You’ve just bought a new car. It’s the latest model; it has the whiz-bang features that will definitely single you out from the merely mortal driving rank and file. You know you paid a bit (maybe a lot) too much, but with this car you make a unique and powerful statement to all others on the road. This car is as different from the herd as you are! Yet, as you drive this rare sparkling beauty home from the lot you suddenly notice the roadways dotted with several other nearly identical cars. Hmmm…never noticed those before. Somewhat deflated, it slowly dawns on you that your chromium highlighted beauty came from an assembly line, and it obviously wasn’t the only one of it’s species turned out that day. You ‘uniqueness’ becomes similar to dozens of other drivers.
This is an occurrence so common it has a name: “seeing the same car syndrome.” How is it that our subjective experience of the world can change so sharply with a simple purchase? We can either assume there is a profound metaphysical change, and the infinite cosmic auto-assembly plant suddenly seeded our roads with more of your cherished previously ‘unique’ vehicle; or, that somehow the act of buying and valuing this four-wheeled beauty has changed your perceptual apparatus. I am going to argue for the latter, and show you how to use that phenomenon.
Our experience of the world is made up of a magical concoction of sensory experience, memory, and imagination. Research has shown that our visual experience of our world at any given moment is made up of approximately 30 percent actual sensory data, and 70 percent of memory and imagination. Most of what we see isn’t technically what’s there, but what we think ought to be there. That last bit makes way for some delightful mischief. Obviously, sight isn’t the only sense involved, and there is a corroborative networking of sight and sound (the two distance senses). Vision, however, is usually the more distinct and detailed sense, and will tend to drive the auditory sense. If you doubt this, and are old enough, recall drive-in theaters. We would put a cheesy speaker in one window, and watch a screen usually at least half a football field away.

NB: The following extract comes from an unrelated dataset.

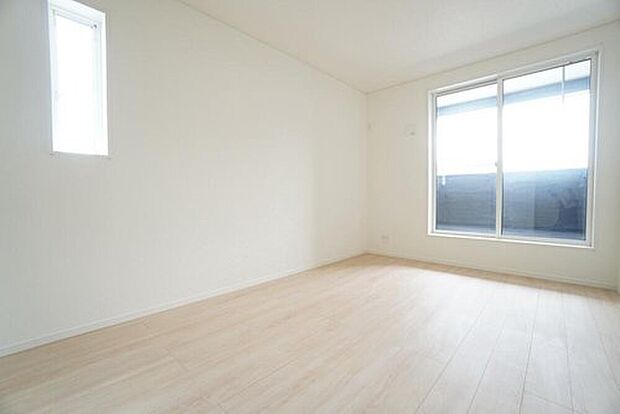 【洋室】1号棟。
主寝室としてお使いいただけそうなこちらのお部屋は、日当たりが良く、爽やかな風を感じて起きる朝は、快適生活の始まりに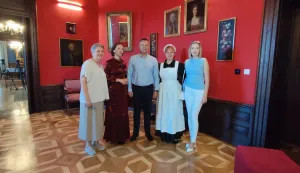 NA&Scaron;ICE - SRPANJ 2026. - Gradonačelnik, ravnateljica i direktorica TZG s kostimiranim djelatnicama Muzeja SNIMIO: VLADIMIR GRGURIĆ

Within a few minutes, we would forget the actual screen/speaker placement, and hallucinate the sounds emanating from the screen.
So, according to this argument, those cars were always there, they were just existing in that 70% of your visual world with which you have artistic license.
As a stage hypnotist, I can suggest a volunteer visually hallucinate the crowd as naked. I am not asking the client to violate his actual optical experience; I am merely playing with the 70% majority part of his visual experience that he is ‘making up’ anyway.
More usefully, I can suggest to a person with a fear of public speaking, that the crowd she sees are smiling, supporting her, and wishing her well. I am only suggesting changes in the part of her experience that she is mentally constructing. 30% of the crowd she really sees may be responding however they do good, bad, or indifferent. I’m just asking her to focus on the friendly bunch that she has created. They are smiling, and so is she.
How about if you make up your mind to see opportunity. Make your waking thoughts the instruction “The world is full of opportunity, and I am going to see it today!” You’ll begin to have an effect on the 70% of the world that you have an automatic say about. If you can see lots of people driving your car, you might be able to see lots of people offering you new opportunities. At least it is worth a try.